De acordo com a Climatempo, São Paulo terá uma semana com acumulados na casa dos 100 mm, semelhante ao esperado para Paraná e Mato Grosso do Sul. Em comunicado, o presidente da Associação dos Produtores de Bioenergia de Mato Grosso do Sul (Biosul), Roberto Hollanda, destacou que dezembro já foi um mês de "baixa produção" no Estado, o que pode persistir em janeiro. Por lá, mais da metade das empresas continuam em atividade para dar conta de moer a matéria-prima em pé.
Os investidores monitoram também a Índia, onde o clima seco prejudica as lavouras.
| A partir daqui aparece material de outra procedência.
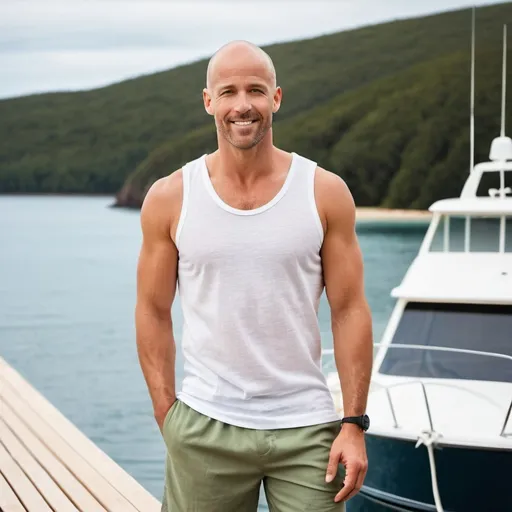 Prompt: Image of a 30 year old man who radiates charm and sophistication. He has a very light tan that sets off his bald, clean-shaven head, and his gray-green eyes are truly striking. He's dressed in a sleek white linen tank top paired with matching shorts, which gives off a pre-summer vibe that's both casual and stylish. Her feet are bare, reinforcing the relaxed vibe. He stands confidently and his face is detailed and expressive, reflecting a range of emotions that bring his character to life.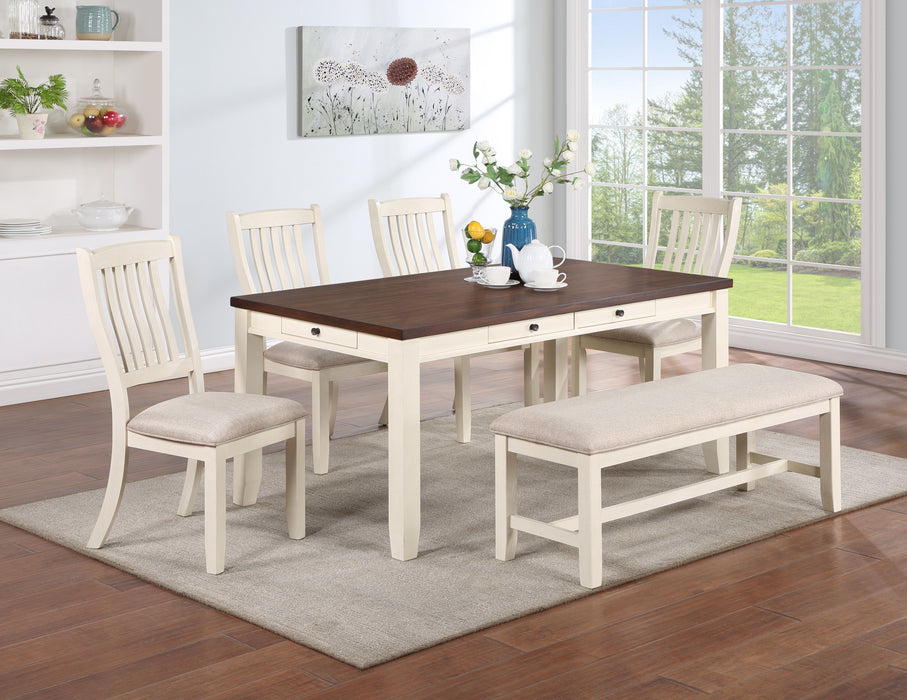 Luxury Look Dining Room Furniture 6 Pieces Dining Set Dining Table Drawers 4 Side Chairs 1 Bench White Rubberwood Walnut Acacia Veneer Slat Back Chair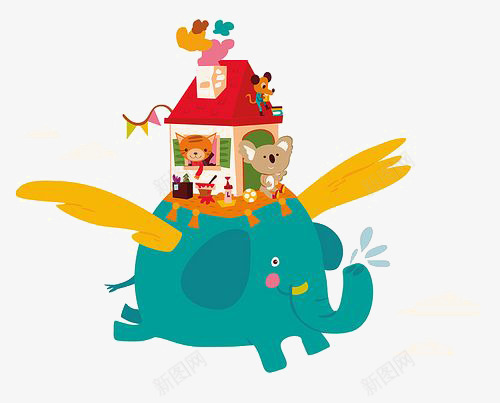 飞天小象png免抠素材_新图网 https://ixintu.com 动物 卡通 大象 房子 手绘 插画 梦幻 童话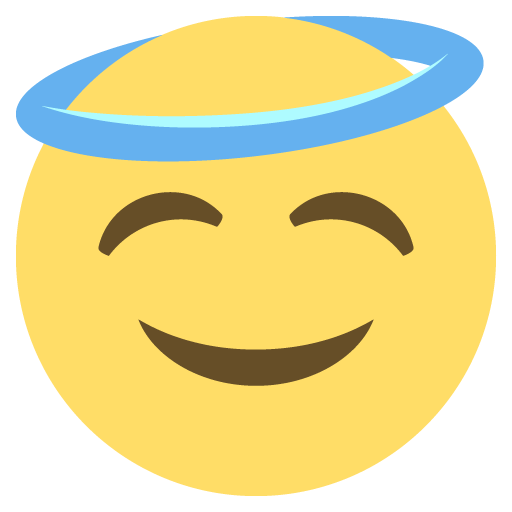 Smiling Face with Halo as drawn by JoyPixels in 2.0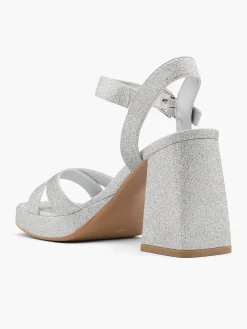 Silver Glittery Platform Heel with Ankle Strap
Quanto à China, os números de importação recorde em 2015 já foram assimilados pelo mercado.
Do lado baixista, há o câmbio no Brasil. Na sexta-feira, o dólar deu mais um repique ante o real, fechando em R$ 4,0484 (+1,36%). Para além dos R$ 4, há forte estímulo a fixações de preços por produtores brasileiros, o que justificou a pressão sobre os contratos mais longos.
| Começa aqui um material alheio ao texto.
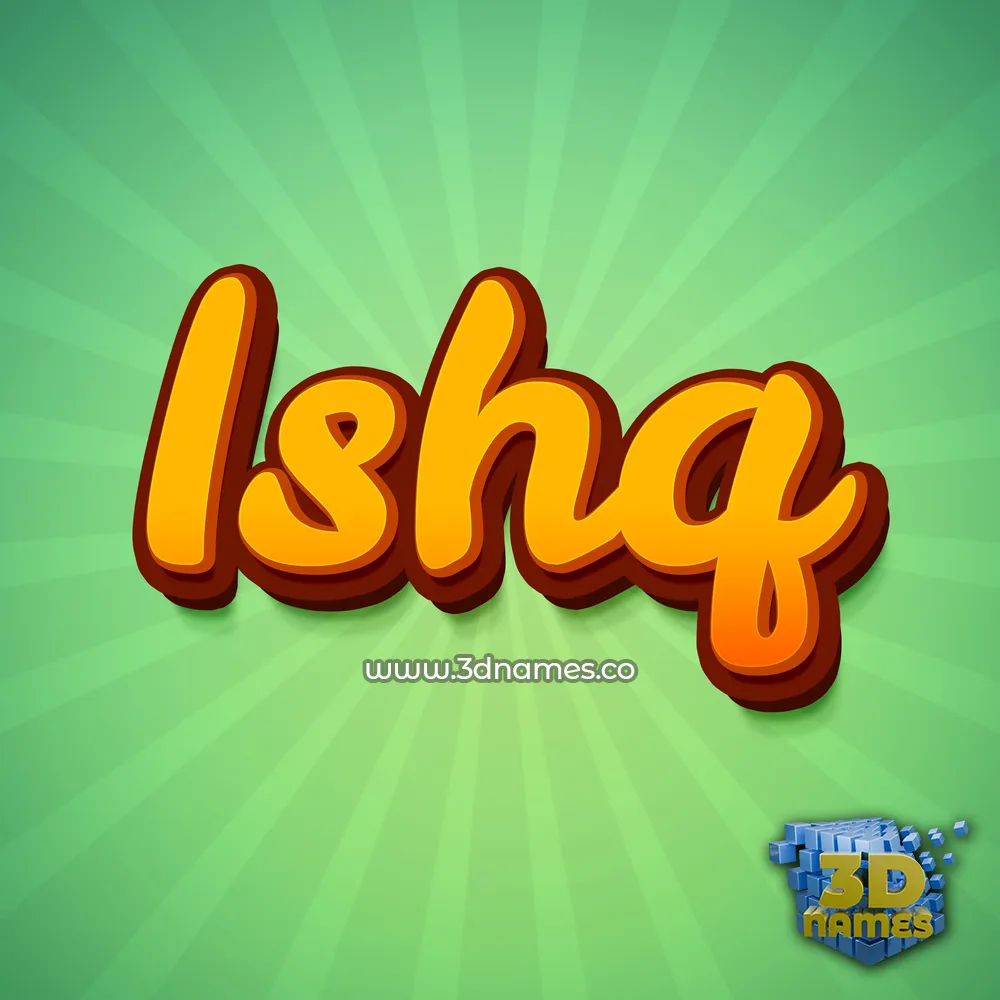 ishq in Green Rays style - 3D name wallpaper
O contrato do açúcar com vencimento em março subiu 4 pontos (+0,27%) e fechou a sexta-feira em 14,92 cents/lb, com máxima de 15,12 cents/lb e mínima de 14,76 cents/lb. Maio também avançou 4 pontos e terminou em 14,48 cents/lb. O spread março/maio se manteve em 44 pontos de prêmio para o primeiro contrato da tela. Os demais contratos terminaram estáveis.
Nos gráficos, os futuros permanecem em torno dos 15 cents/lb. Para além disso, há uma resistência em 15,10 cents/lb, máxima de 5 de janeiro. Para baixo, o primeiro piso aparece nos psicológicos 14,50 cents/lb, seguido pelo de 13,93 cents/lb, mínima da semana passada.
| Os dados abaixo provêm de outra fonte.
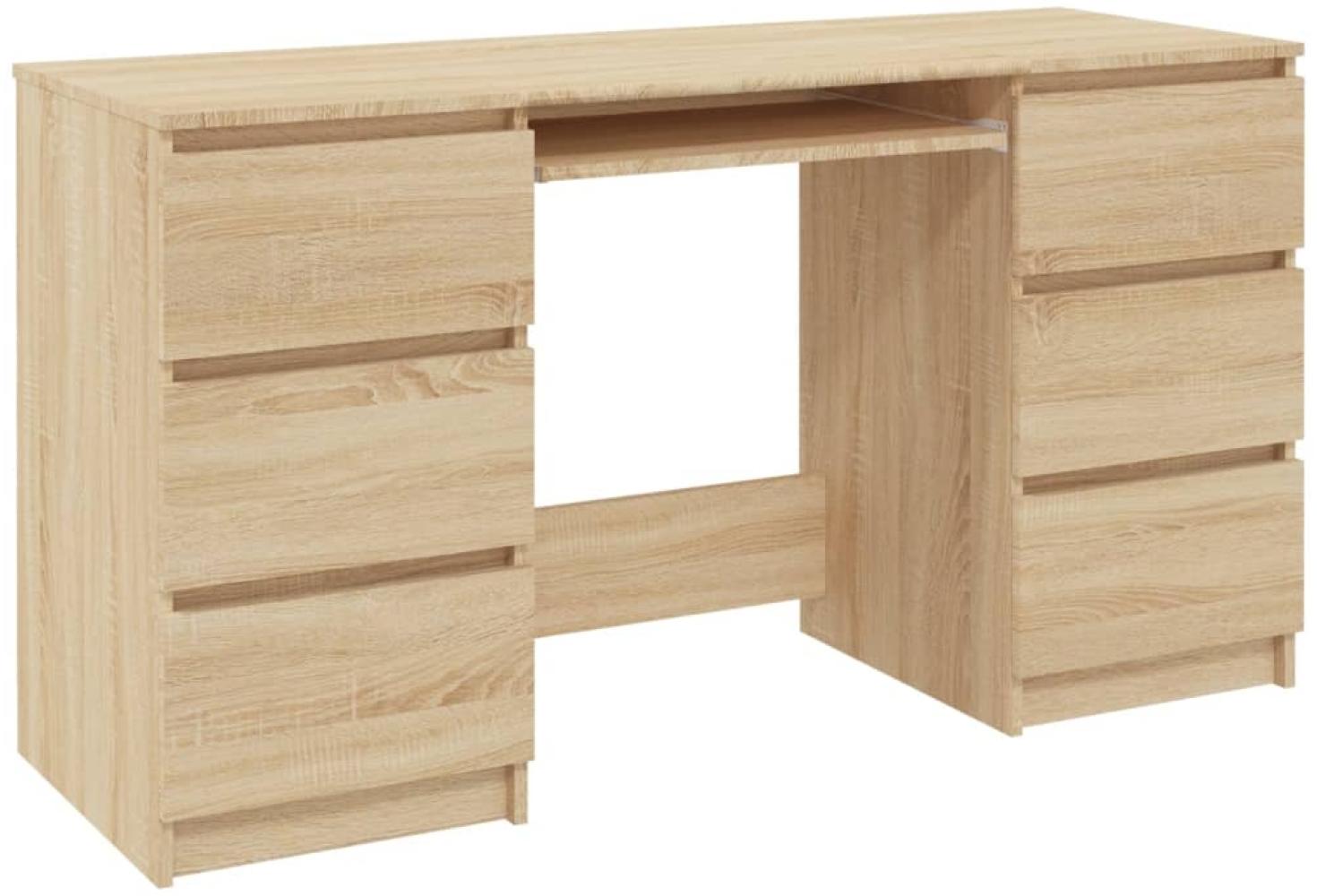 vidaXL Schreibtisch Sonoma-Eiche 140x50x77 cm Holzwerkstoff 800813 Bild 1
Pelo mais recente relatório da Comissão de Comércio de Futuros de Commodities (CFTC), fundos reduziram o saldo comprado em açúcar em 31.563 lotes na semana encerrada em 12 de janeiro. A posição passou de 190.543 para 158.980 lotes.
O Indicador de Açúcar calculado pelo Centro de Estudos Avançados em Economia Aplicada (Cepea/Esalq/USP) encerrou a sexta-feira em R$ 84,48/saca, alta de 0,58% ante a véspera. Em dólar, o índice ficou em US$ 20,86/saca (-0,81%).